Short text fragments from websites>

Start of Block

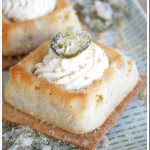 Mini Banana Pudding Cheesecakes 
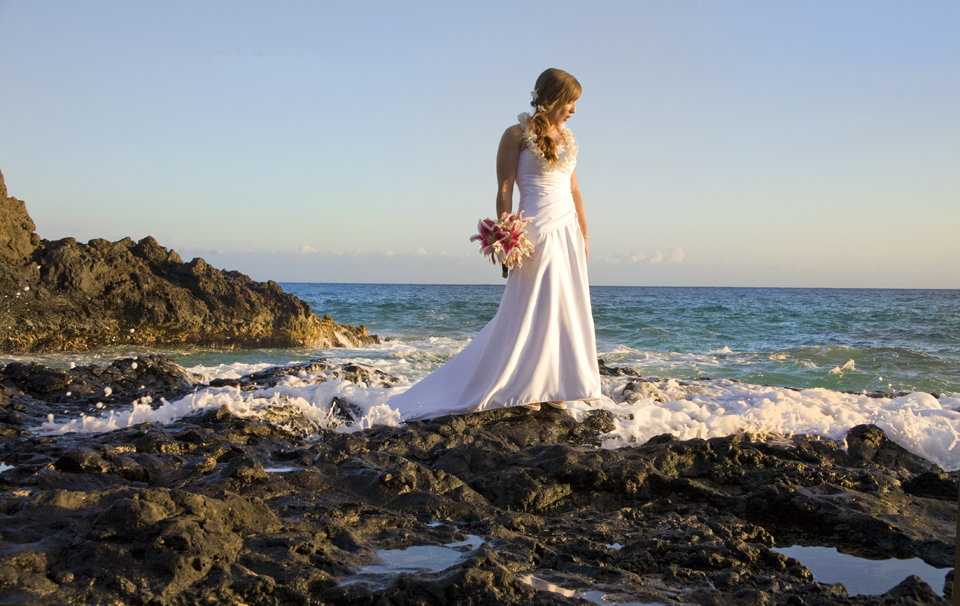 maui wedding bride on rocks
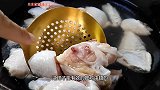 黄焖鸡怎么做才好吃？大厨教你1招，酱香味浓，肉质鲜嫩无腥味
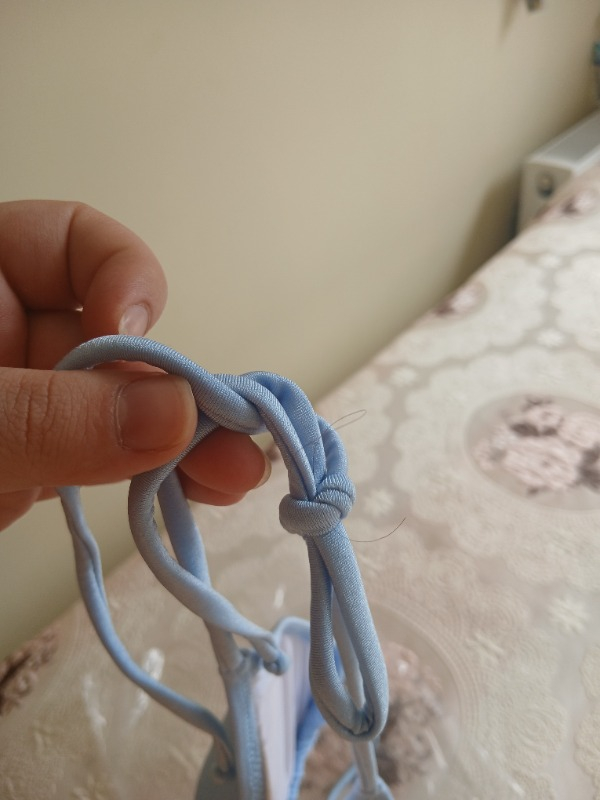 Koton Boyundan Bağlamalı Üçgen Bikini Üstü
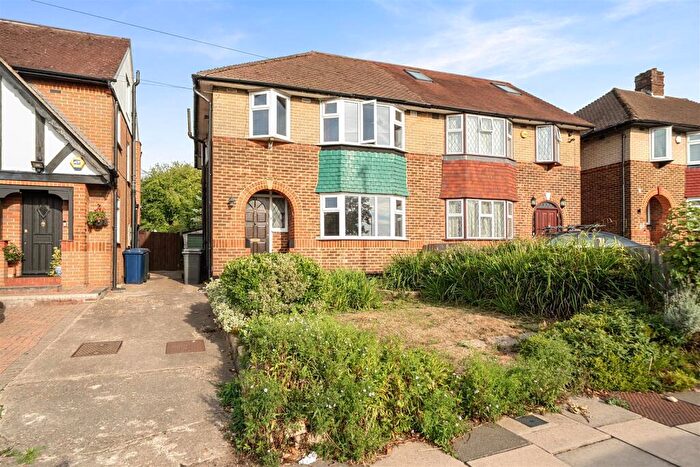 4 Bedroom Semi Detached House For Sale In Kenilworth Road, Edgware, HA8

End of Block

Try it>
Starting from the line containing "黄焖鸡怎么做才好吃？大厨教你1招，酱香味浓，肉质鲜嫩无腥味", repeat each line exactly through the end of the entries, including the last, while leaving pictures out.

Output for this exercise>
 黄焖鸡怎么做才好吃？大厨教你1招，酱香味浓，肉质鲜嫩无腥味
 Koton Boyundan Bağlamalı Üçgen Bikini Üstü
 4 Bedroom Semi Detached House For Sale In Kenilworth Road, Edgware, HA8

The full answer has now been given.